━━━━━ Records for this exercise ━━━━━

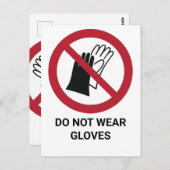 Carte Postale Ne pas porter de gants, signe d'interdiction (Devant / Derrière)
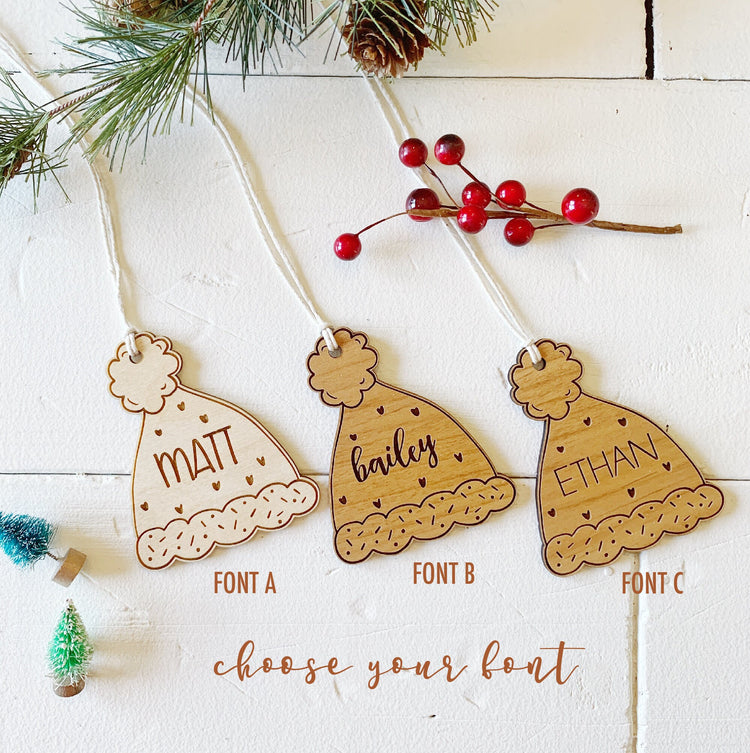 Winter Hat Shaped Name Tags
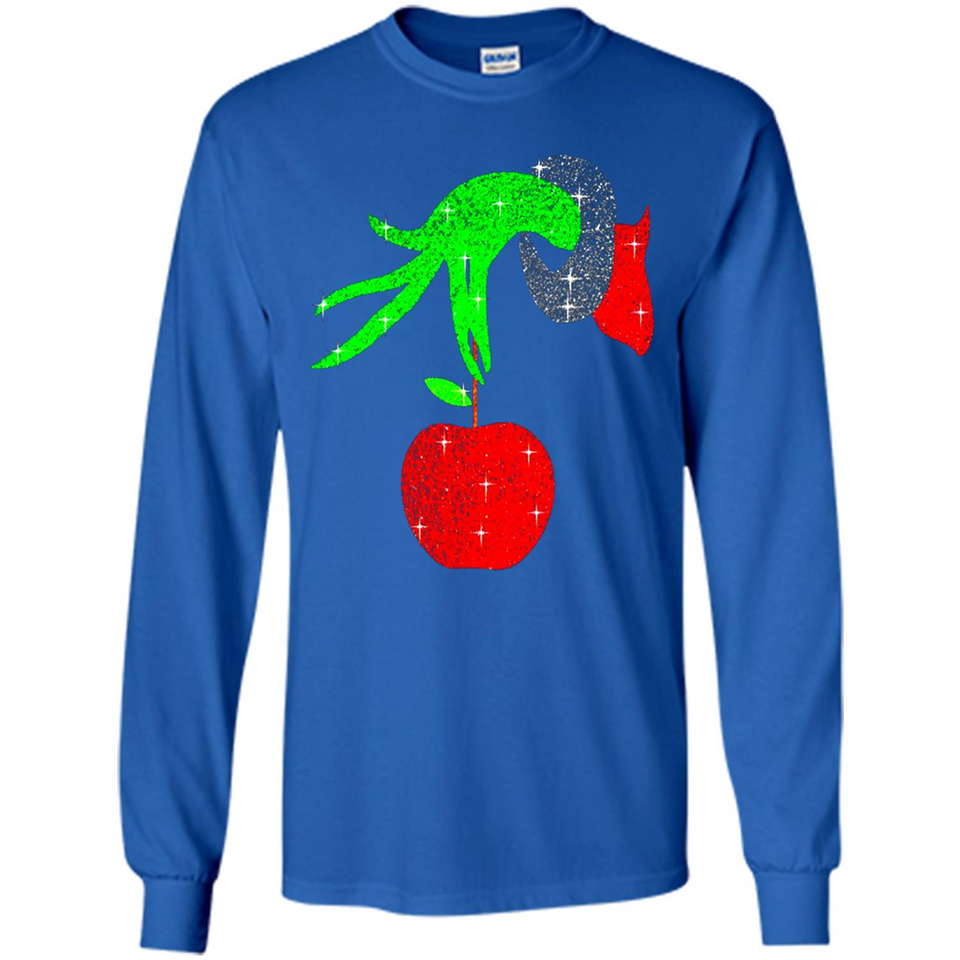 Christmas The Grinch Hand Holding Apple Ornament sweater - Long Sleeve T-Shirt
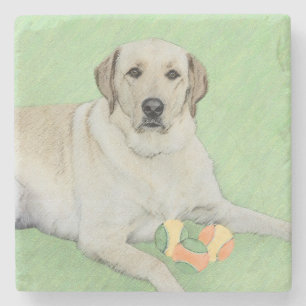 Gult Labrador Retriever & Tennis Bollar Painting Stenunderlägg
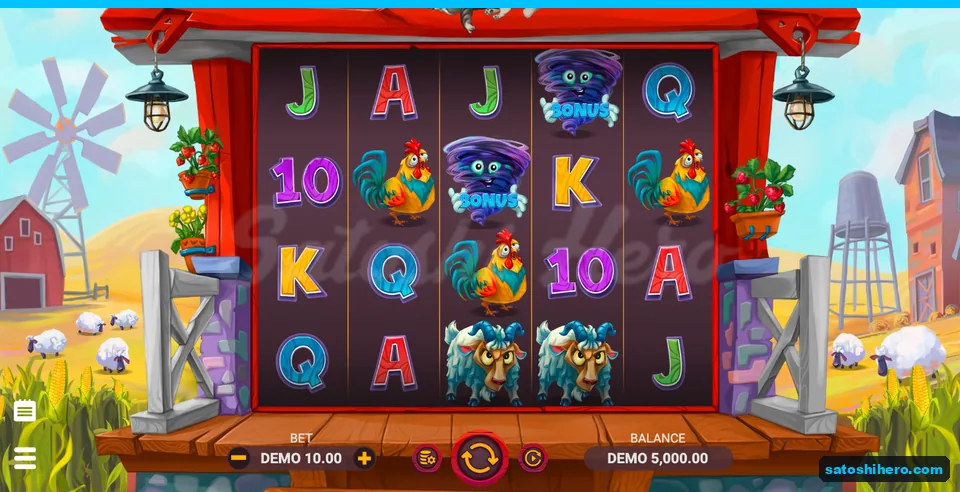 5,000.00 balance shown beside farm symbols and two tornadoes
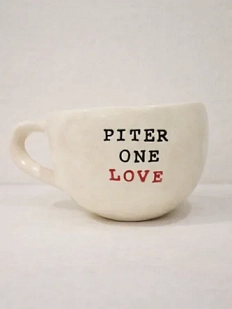 Кружка ручной работы Керамур с надписью «Piter one love», керамика, 350 мл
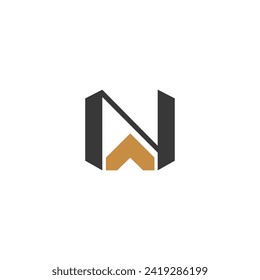 Letras alfabéticas Iniciales Monograma NW, WN, N y W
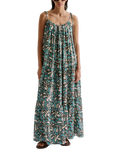 Malina Mare Abstract Ruched Neck Maxi Dress, Ocean Corals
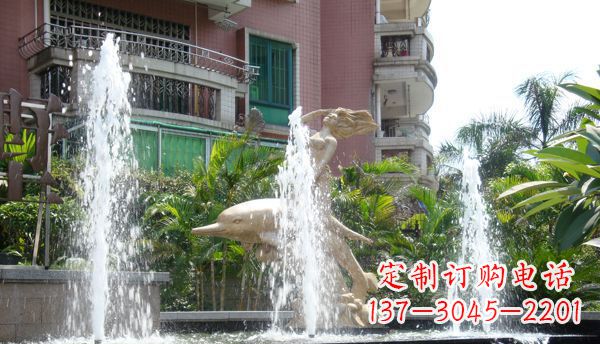 广州不锈钢海豚喷泉雕塑精美的海洋艺术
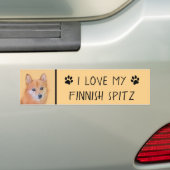 Fins Spitz-schilderij - Cute Original Dog Art Bumpersticker (Op auto)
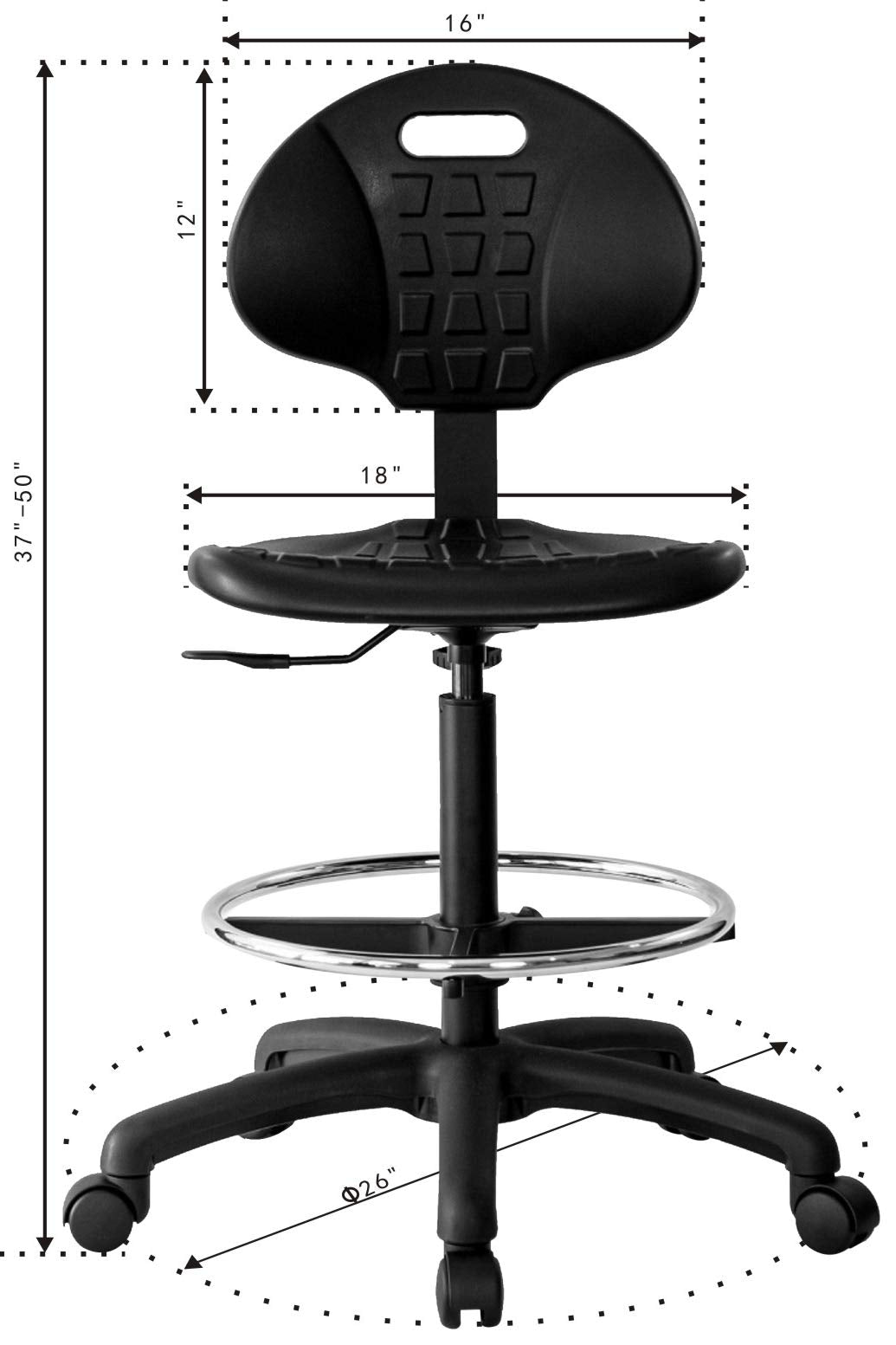 Chair Master-Heavy Duty Ergonomic Drafting Stool Black-Easy to Clean-Largest (20") Adj. Footring and Base (26") on the Market. Seat Ht Range (23"-33"). for Home, Auto, Lab, Cleanroom. Durable.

━━━━━

## Task prompt
In the records above, find the line that contains "Fins Spitz-schilderij - Cute" and retype it and all lines after it exactly, leaving out any pictures.

## Response to this task
 Fins Spitz-schilderij - Cute Original Dog Art Bumpersticker (Op auto)
 Chair Master-Heavy Duty Ergonomic Drafting Stool Black-Easy to Clean-Largest (20") Adj. Footring and Base (26") on the Market. Seat Ht Range (23"-33"). for Home, Auto, Lab, Cleanroom. Durable.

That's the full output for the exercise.